One thing I have never heard much said about in the domaining industry is the phenomenon of parking page blindness. I.e as parking pages become more profound they are starting to get more and more ignored by users. When we look at how parking earnings declined over the last two years, the major factor behind it is the fall of CPC’s (and everybody is well aware of this). However CTR’s have also declined in this period, which has also contributed to the fall of earnings.There seems to be less of an awareness of declining CTR’s in the industry.

It is likely that the cause behind this is what I am call parking page blindness. As people get more accustomed to landing on parking pages, a large part of them immediately understand that they will bring little value to them and leave, costing us, domainers, a lot of money.

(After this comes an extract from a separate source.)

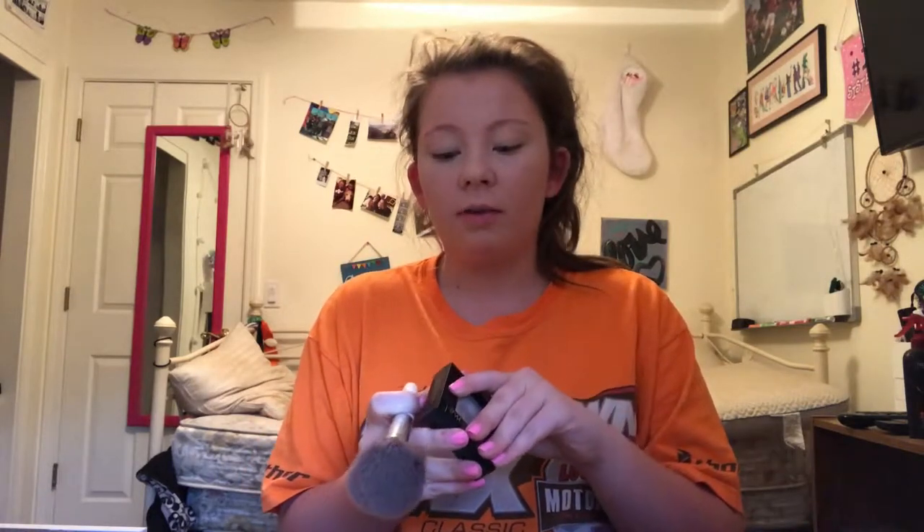This concealer honestly sucks, but we're just going to have to make do because it's the only concealer I have. So next I'm going to take my Maybelline Fit Me powder and this e.l.f. powder brush, and put that all over my face to set all of the liquids.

Since I am a big data junkie, I have found that there is an inverse relationship between socio-economic development and click rates on parked pages. I.e countries that are less economically developed and hence it is likely that the internet population has not been online as long as their counterparts in the western world, they have also less experience with dealing with parked pages. Hence they are more likely to click. For example I have found that traffic coming from certain african countries can generate 3x the amount of clicks than, say, the same amount of western european traffic.Although CPC’s are much lower in Africa, the extra amount of clicks can even make the RPM higher than in certain west european countries.

The whole concept of parking page blindness is obviously a big threat to the domaining industry. However there are obviously ways how to fight it such as making parked pages more stickier, introducing display advertising which is generally sold on a CPM basis, bringing in zero-click etc. I hope the parking companies are aware of this.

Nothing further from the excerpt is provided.